*Captioned web images*
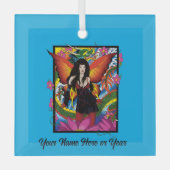 ロータスフェアリー中国のウォータードラゴン ガラスオーナメント (正面)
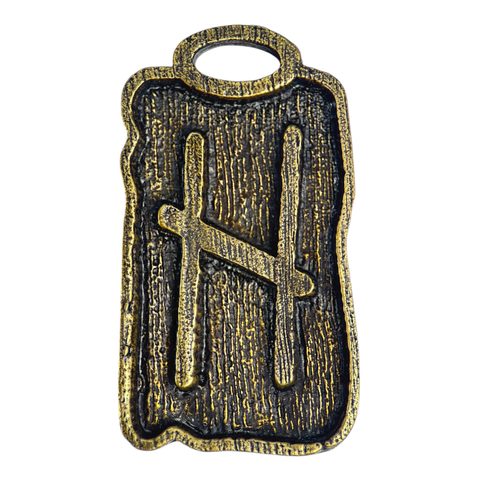 HAGALAZ - RUNOVÝ AMULET ZINEK STAROMOSAZ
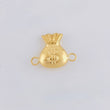 Herraje Bolsa De Dinero 0.85 g / 1.5 cm Oro Amarillo 18K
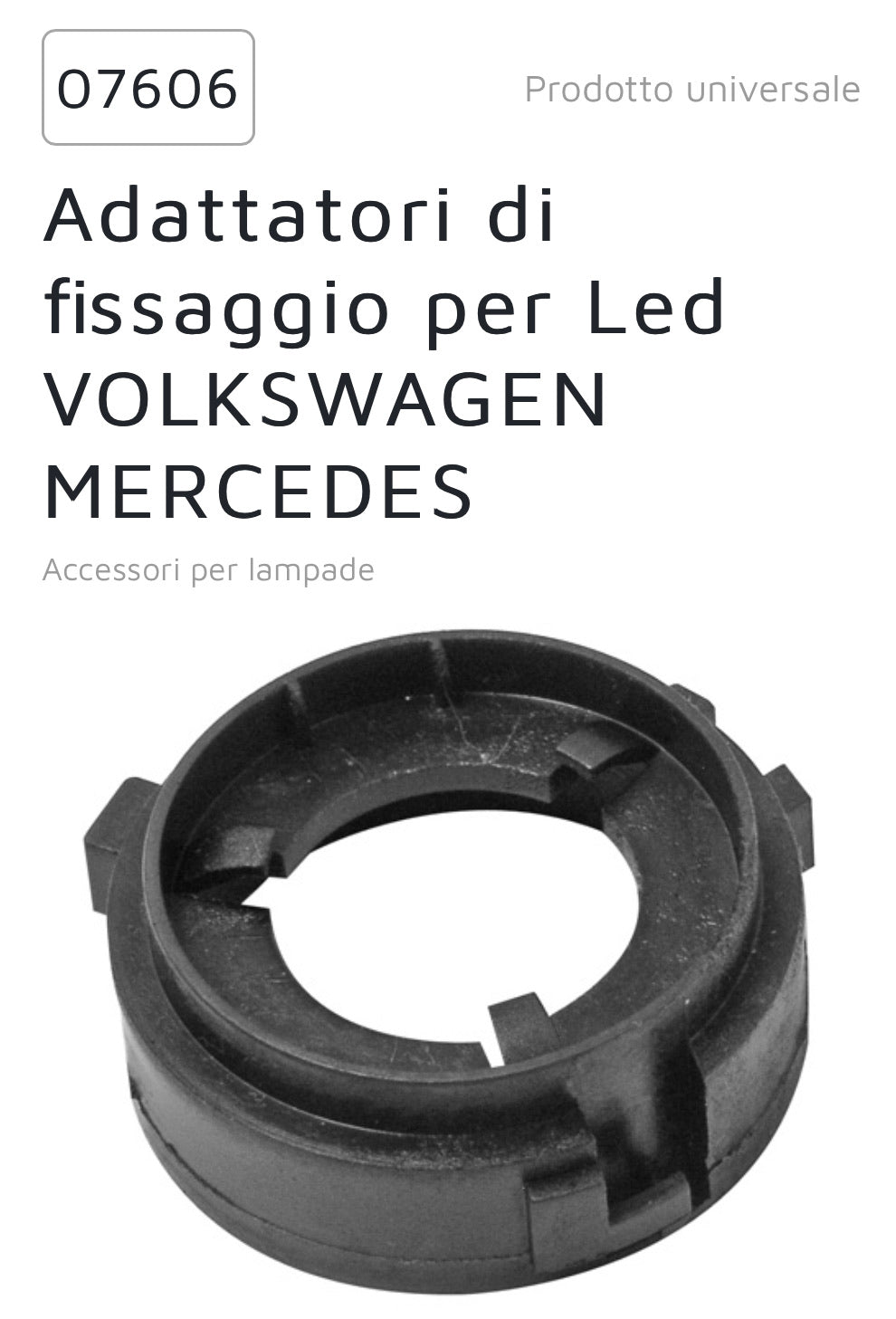 Kit coppia adattatori led 07606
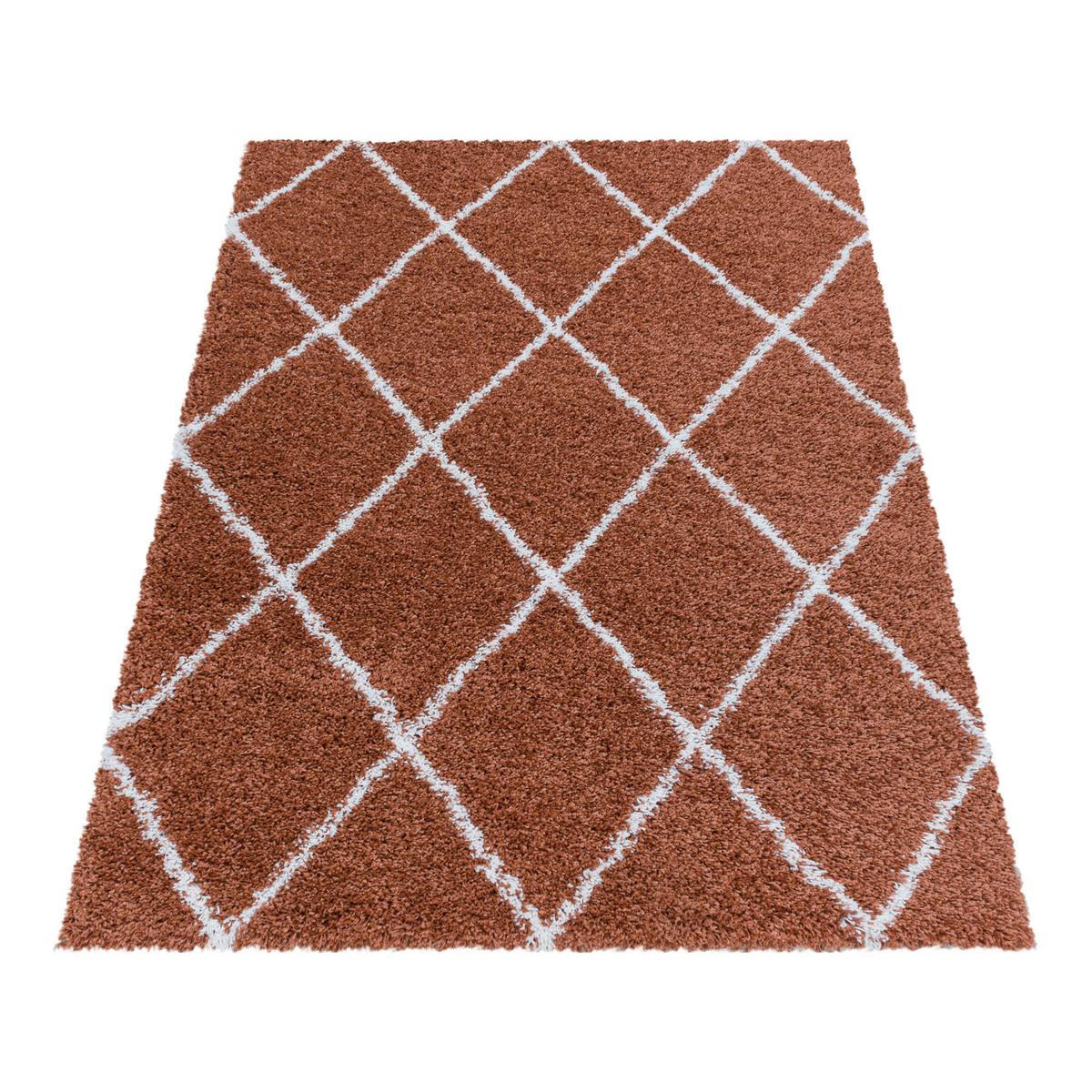 Hochflorteppich Alvor Terracotta ca. 60x110cm - Terracotta, Basics, Textil (60/110cm)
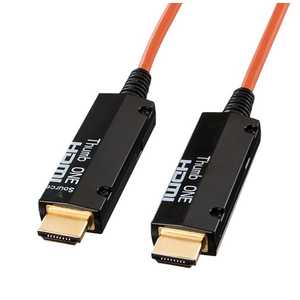 サンワサプライ HDMIケーブル コネクタ[10m /HDMI⇔HDMI /スリムタイプ] KM-HD20-FB10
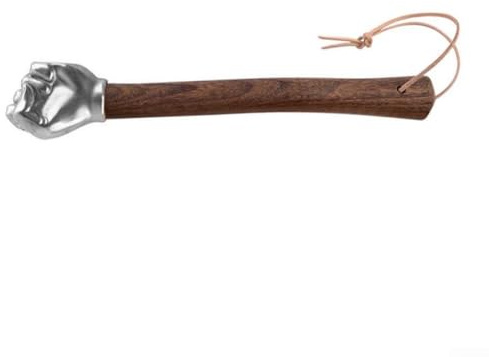 Handhammer Mit Rostfreiem Edelstahlkopf Und Ergonomischem Holzgriff Anti-Rutsch-Griff Für Präzise Kontrolle Langlebiges Werkzeug Für Bau Gartenarbeiten Haushalt Beide Varianten(Fist Hammer)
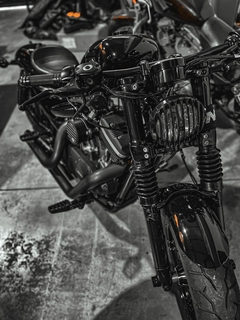 Kit Capa Bengala + Sanfona - Harley Davidson Forty Eight Ø49mm 2016+ - Guerra Custom Design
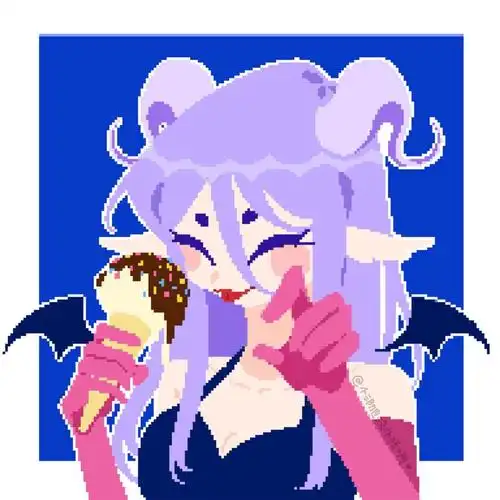 女生头像  #oc  #动漫女生头像  #小恶魔  #像素头像  #像素画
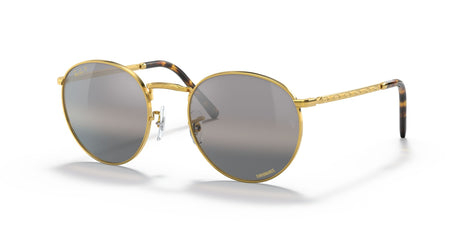 Ray-Ban New Round 0RB3637 9196G3 50 Gold/ Silver/Grey 50 / Crystal / Metal / Metal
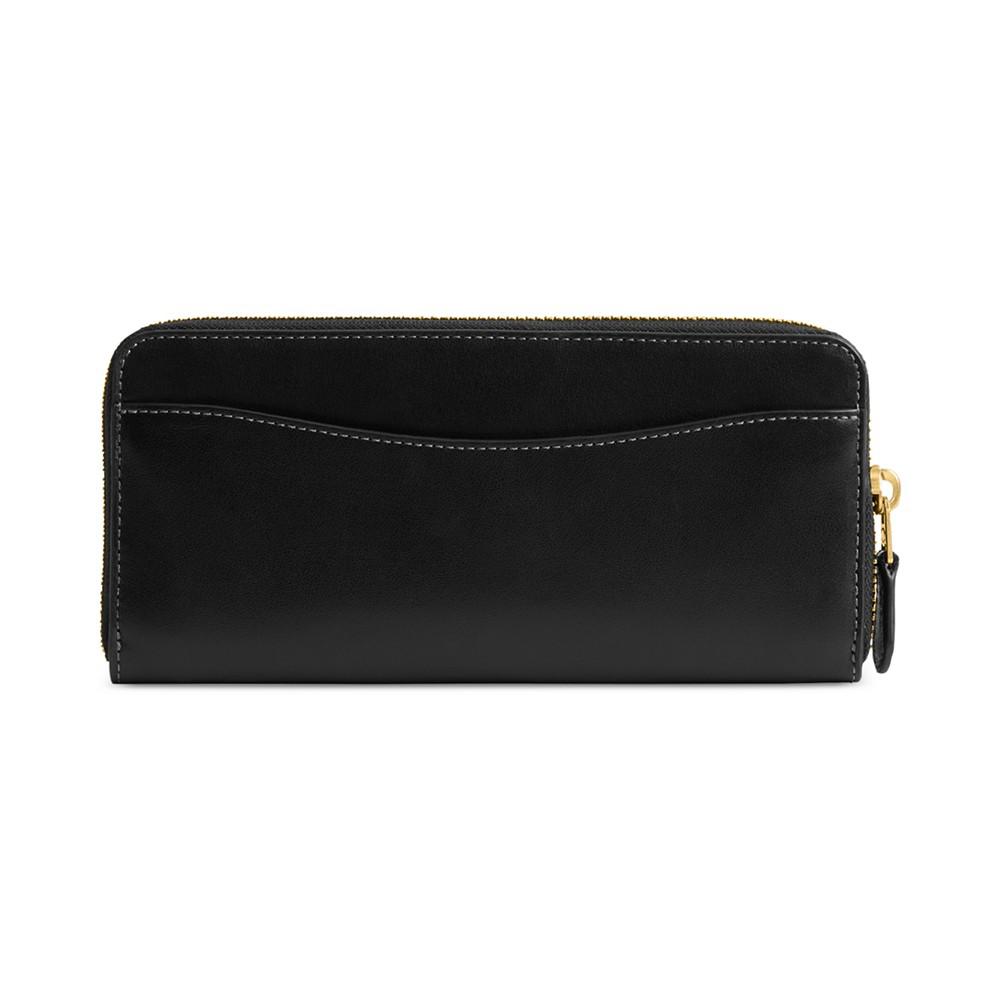 COACH Slim Accordion Leather Zip-Around Wallet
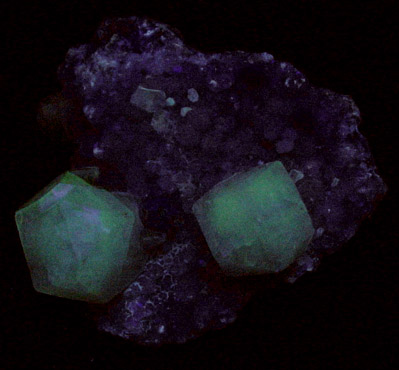 Apophyllite with Babingtonite on Calcite from Prospect Park Quarry, Prospect Park, Passaic County, New Jersey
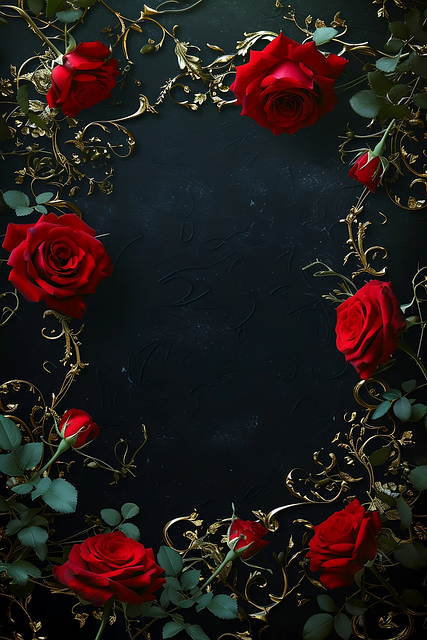 Rahmen, Blumen, Liebe, Hochzeit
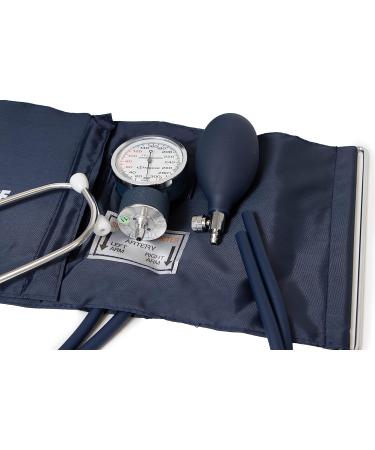 Primacare DS-9196 Professional Classic Series Large Adult Size Manual Blood Pressure Kit Navy & Primacare DS-9181-BK Professional Aneroid Sphygmomanometer and Sprague Rappaport Stethoscope Black + Sphygmomanometer - Buy Online on GoSupps.com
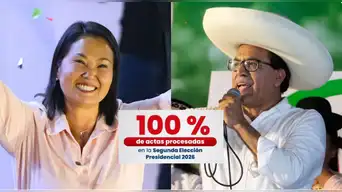 ¡ÚLTIMA ETAPA! ONPE completa el 100% de actas: esto DEFINIRÁ si gana Keiko Fujimori o Roberto Sánchez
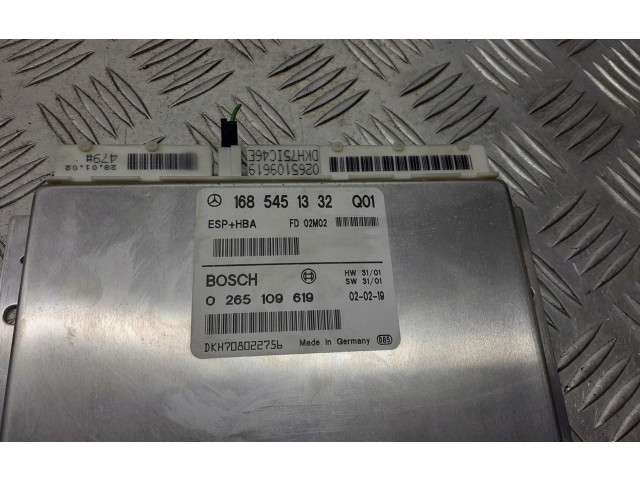 Блок управления двигателя 1685451332   Mercedes-Benz A W168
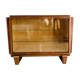 Art Deco display case in mahogany and veneer, 20th century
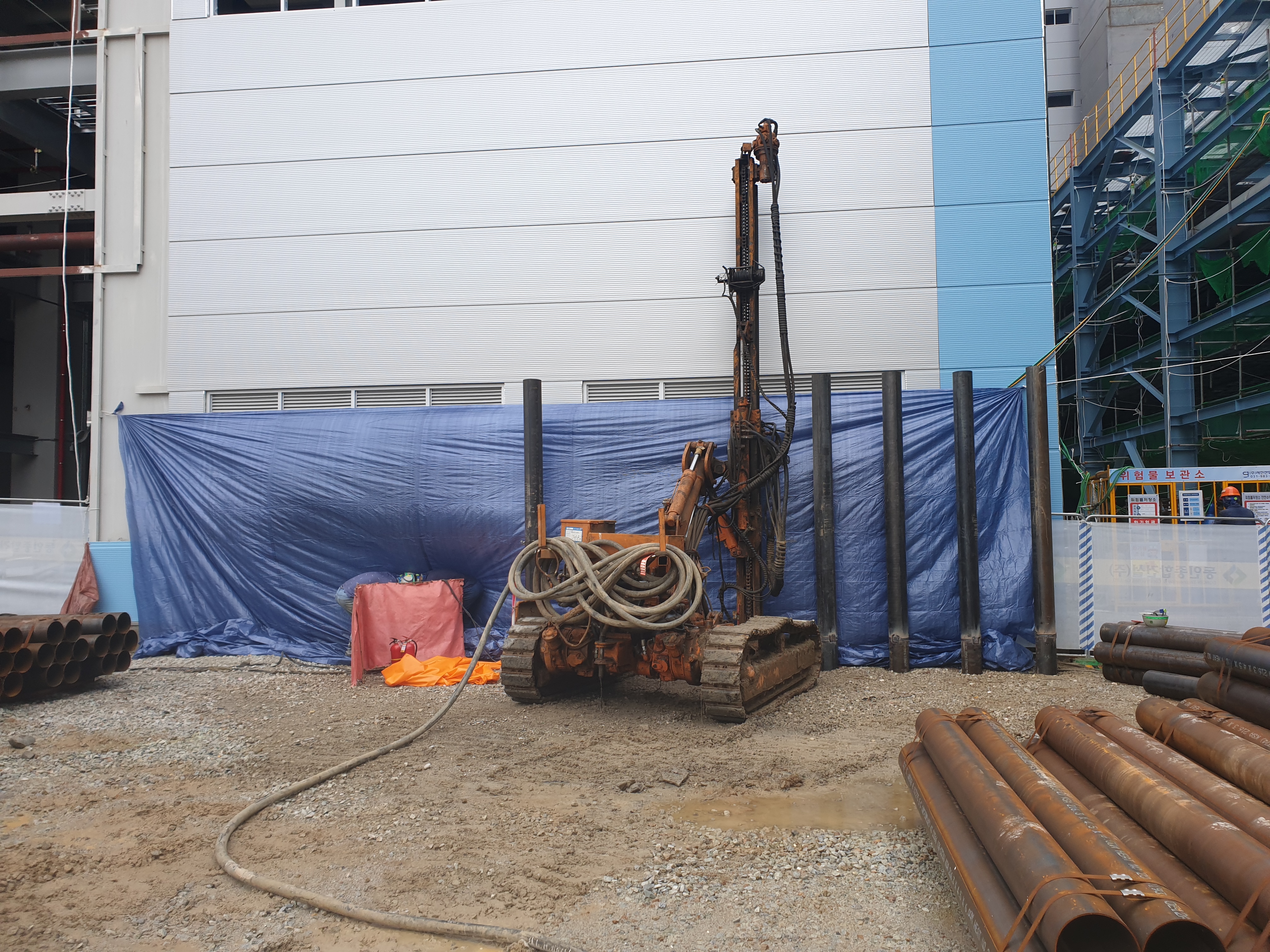 M16 Ph1 Gas Plant 방음벽 설치공사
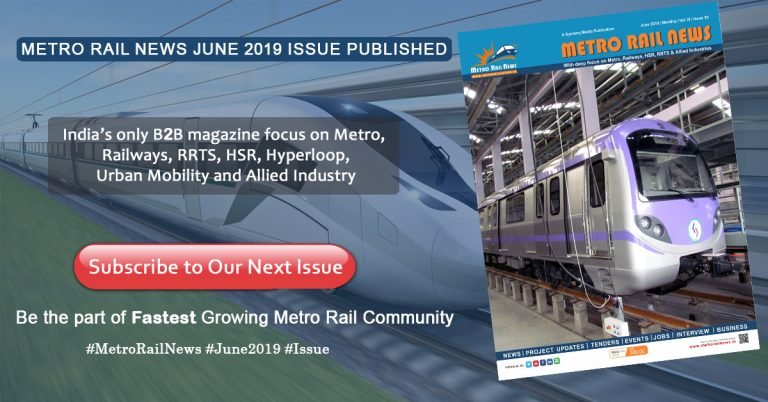 Metro Rail News June 2019 issue Published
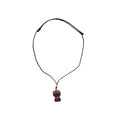 Braided Cord Glass Crystal Cartoon Character Pendant Necklace Vacation Style Choker view 5
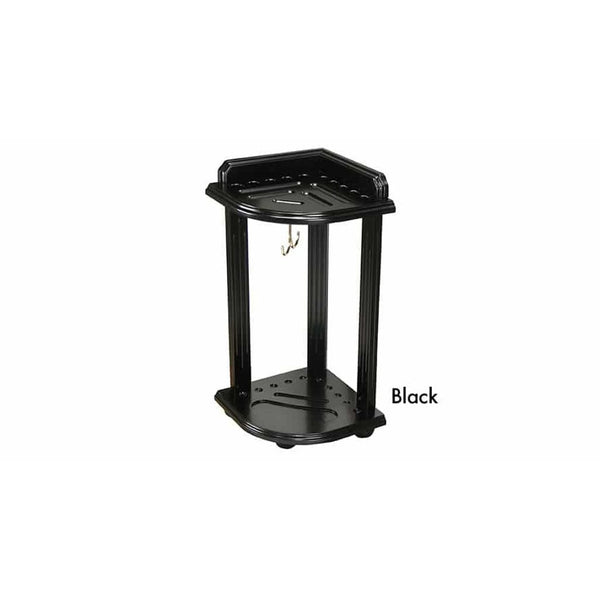 Corner Cue Stand-Pool Cue Racks & Holders-C.L Bailey-Black-Game Room Shop
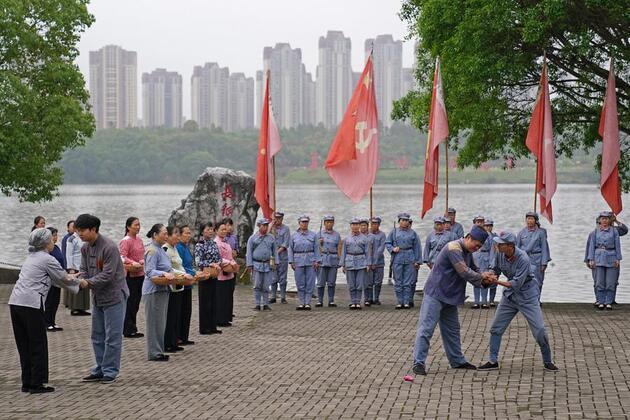 Where the Long March began, more Chinese look for strength in roads ahead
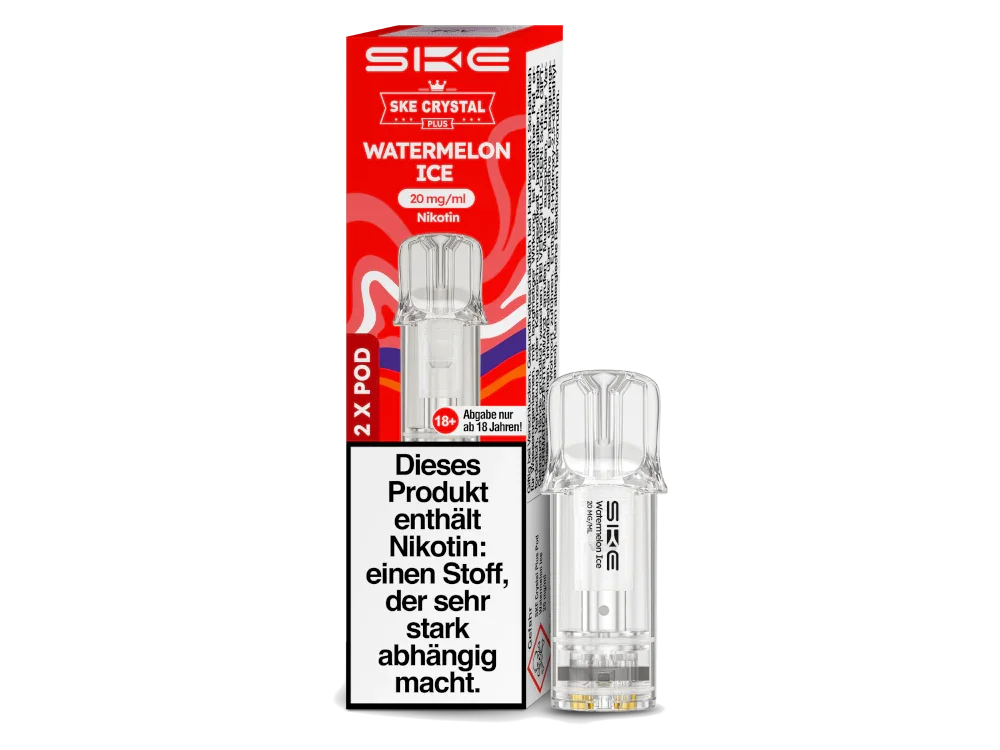SKE - Crystal Plus Pods (2 x 2 ml) 20 mg/ml (2 Stück) - Watermelon Ice / 1er Packung time4smoke.de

*GOAL OF THE EXERCISE*
Retype every entry exactly as written, but omit the pictures.

*EXERCISE ANSWER*
 ロータスフェアリー中国のウォータードラゴン ガラスオーナメント (正面)
 HAGALAZ - RUNOVÝ AMULET ZINEK STAROMOSAZ
 Herraje Bolsa De Dinero 0.85 g / 1.5 cm Oro Amarillo 18K
 Kit coppia adattatori led 07606
 Hochflorteppich Alvor Terracotta ca. 60x110cm - Terracotta, Basics, Textil (60/110cm)
 サンワサプライ HDMIケーブル コネクタ[10m /HDMI⇔HDMI /スリムタイプ] KM-HD20-FB10
 Handhammer Mit Rostfreiem Edelstahlkopf Und Ergonomischem Holzgriff Anti-Rutsch-Griff Für Präzise Kontrolle Langlebiges Werkzeug Für Bau Gartenarbeiten Haushalt Beide Varianten(Fist Hammer)
 Kit Capa Bengala + Sanfona - Harley Davidson Forty Eight Ø49mm 2016+ - Guerra Custom Design
 女生头像  #oc  #动漫女生头像  #小恶魔  #像素头像  #像素画
 Ray-Ban New Round 0RB3637 9196G3 50 Gold/ Silver/Grey 50 / Crystal / Metal / Metal
 COACH Slim Accordion Leather Zip-Around Wallet
 Apophyllite with Babingtonite on Calcite from Prospect Park Quarry, Prospect Park, Passaic County, New Jersey
 Rahmen, Blumen, Liebe, Hochzeit
 Primacare DS-9196 Professional Classic Series Large Adult Size Manual Blood Pressure Kit Navy & Primacare DS-9181-BK Professional Aneroid Sphygmomanometer and Sprague Rappaport Stethoscope Black + Sphygmomanometer - Buy Online on GoSupps.com
 ¡ÚLTIMA ETAPA! ONPE completa el 100% de actas: esto DEFINIRÁ si gana Keiko Fujimori o Roberto Sánchez
 Блок управления двигателя 1685451332   Mercedes-Benz A W168
 Art Deco display case in mahogany and veneer, 20th century
 M16 Ph1 Gas Plant 방음벽 설치공사
 Metro Rail News June 2019 issue Published
 Braided Cord Glass Crystal Cartoon Character Pendant Necklace Vacation Style Choker view 5
 Corner Cue Stand-Pool Cue Racks & Holders-C.L Bailey-Black-Game Room Shop
 Where the Long March began, more Chinese look for strength in roads ahead
SKE - Crystal Plus Pods (2 x 2 ml) 20 mg/ml (2 Stück) - Watermelon Ice / 1er Packung time4smoke.de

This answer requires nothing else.